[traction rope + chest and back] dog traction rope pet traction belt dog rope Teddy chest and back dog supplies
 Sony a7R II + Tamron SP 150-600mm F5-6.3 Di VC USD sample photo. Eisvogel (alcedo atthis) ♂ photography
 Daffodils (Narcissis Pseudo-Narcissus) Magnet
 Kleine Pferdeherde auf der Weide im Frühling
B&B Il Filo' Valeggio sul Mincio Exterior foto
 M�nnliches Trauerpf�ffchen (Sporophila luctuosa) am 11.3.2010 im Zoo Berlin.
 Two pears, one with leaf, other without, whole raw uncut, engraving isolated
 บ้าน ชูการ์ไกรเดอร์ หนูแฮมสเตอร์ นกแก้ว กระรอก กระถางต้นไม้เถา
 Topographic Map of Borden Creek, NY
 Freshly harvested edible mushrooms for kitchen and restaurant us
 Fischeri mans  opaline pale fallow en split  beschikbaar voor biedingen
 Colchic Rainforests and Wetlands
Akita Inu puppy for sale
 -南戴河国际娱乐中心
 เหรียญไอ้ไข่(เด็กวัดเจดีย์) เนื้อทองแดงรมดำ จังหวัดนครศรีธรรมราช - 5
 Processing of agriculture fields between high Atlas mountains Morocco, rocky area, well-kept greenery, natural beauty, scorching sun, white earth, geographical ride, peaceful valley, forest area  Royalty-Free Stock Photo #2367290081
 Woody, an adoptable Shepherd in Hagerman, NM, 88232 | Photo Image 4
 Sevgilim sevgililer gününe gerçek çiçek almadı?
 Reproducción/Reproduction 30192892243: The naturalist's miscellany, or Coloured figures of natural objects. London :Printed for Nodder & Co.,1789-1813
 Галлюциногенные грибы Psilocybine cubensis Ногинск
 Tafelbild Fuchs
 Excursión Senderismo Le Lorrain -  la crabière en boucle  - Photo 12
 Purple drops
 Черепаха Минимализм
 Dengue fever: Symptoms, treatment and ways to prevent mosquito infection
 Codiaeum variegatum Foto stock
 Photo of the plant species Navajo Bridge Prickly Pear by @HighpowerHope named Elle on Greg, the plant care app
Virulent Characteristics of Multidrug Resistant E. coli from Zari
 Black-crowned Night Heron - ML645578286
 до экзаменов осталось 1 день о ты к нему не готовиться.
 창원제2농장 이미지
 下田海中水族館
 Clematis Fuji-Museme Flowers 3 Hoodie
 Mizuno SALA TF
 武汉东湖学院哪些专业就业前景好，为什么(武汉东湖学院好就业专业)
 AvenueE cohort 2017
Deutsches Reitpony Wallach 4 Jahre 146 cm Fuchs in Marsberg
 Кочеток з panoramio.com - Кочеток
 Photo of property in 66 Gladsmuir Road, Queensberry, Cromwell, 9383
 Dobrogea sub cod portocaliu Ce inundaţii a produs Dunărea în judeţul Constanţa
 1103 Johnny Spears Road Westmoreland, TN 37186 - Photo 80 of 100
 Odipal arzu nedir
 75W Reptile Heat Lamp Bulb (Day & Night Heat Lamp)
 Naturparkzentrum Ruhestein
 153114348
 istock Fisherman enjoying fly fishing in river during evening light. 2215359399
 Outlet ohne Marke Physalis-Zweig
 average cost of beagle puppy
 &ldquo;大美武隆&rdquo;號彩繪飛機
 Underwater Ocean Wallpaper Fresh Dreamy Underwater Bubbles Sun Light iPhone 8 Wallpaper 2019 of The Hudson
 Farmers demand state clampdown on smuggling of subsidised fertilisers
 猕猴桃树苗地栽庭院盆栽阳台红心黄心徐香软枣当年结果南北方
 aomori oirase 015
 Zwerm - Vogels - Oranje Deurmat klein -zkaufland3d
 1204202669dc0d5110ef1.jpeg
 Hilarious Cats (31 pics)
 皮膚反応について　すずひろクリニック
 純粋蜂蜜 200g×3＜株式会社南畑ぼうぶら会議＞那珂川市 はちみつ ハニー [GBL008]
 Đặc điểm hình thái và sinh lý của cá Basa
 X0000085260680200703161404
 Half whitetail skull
------------------------------------------------------------------------
## TRY IT
The response must consist solely of the lines from the one with "75W Reptile Heat" through the end of the listing above, copied exactly; please include the first and the last.

## ANSWER FOR THE TASK
 75W Reptile Heat Lamp Bulb (Day & Night Heat Lamp)
 Naturparkzentrum Ruhestein
 153114348
 istock Fisherman enjoying fly fishing in river during evening light. 2215359399
 Outlet ohne Marke Physalis-Zweig
 average cost of beagle puppy
 &ldquo;大美武隆&rdquo;號彩繪飛機
 Underwater Ocean Wallpaper Fresh Dreamy Underwater Bubbles Sun Light iPhone 8 Wallpaper 2019 of The Hudson
 Farmers demand state clampdown on smuggling of subsidised fertilisers
 猕猴桃树苗地栽庭院盆栽阳台红心黄心徐香软枣当年结果南北方
 aomori oirase 015
 Zwerm - Vogels - Oranje Deurmat klein -zkaufland3d
 1204202669dc0d5110ef1.jpeg
 Hilarious Cats (31 pics)
 皮膚反応について　すずひろクリニック
 純粋蜂蜜 200g×3＜株式会社南畑ぼうぶら会議＞那珂川市 はちみつ ハニー [GBL008]
 Đặc điểm hình thái và sinh lý của cá Basa
 X0000085260680200703161404
 Half whitetail skull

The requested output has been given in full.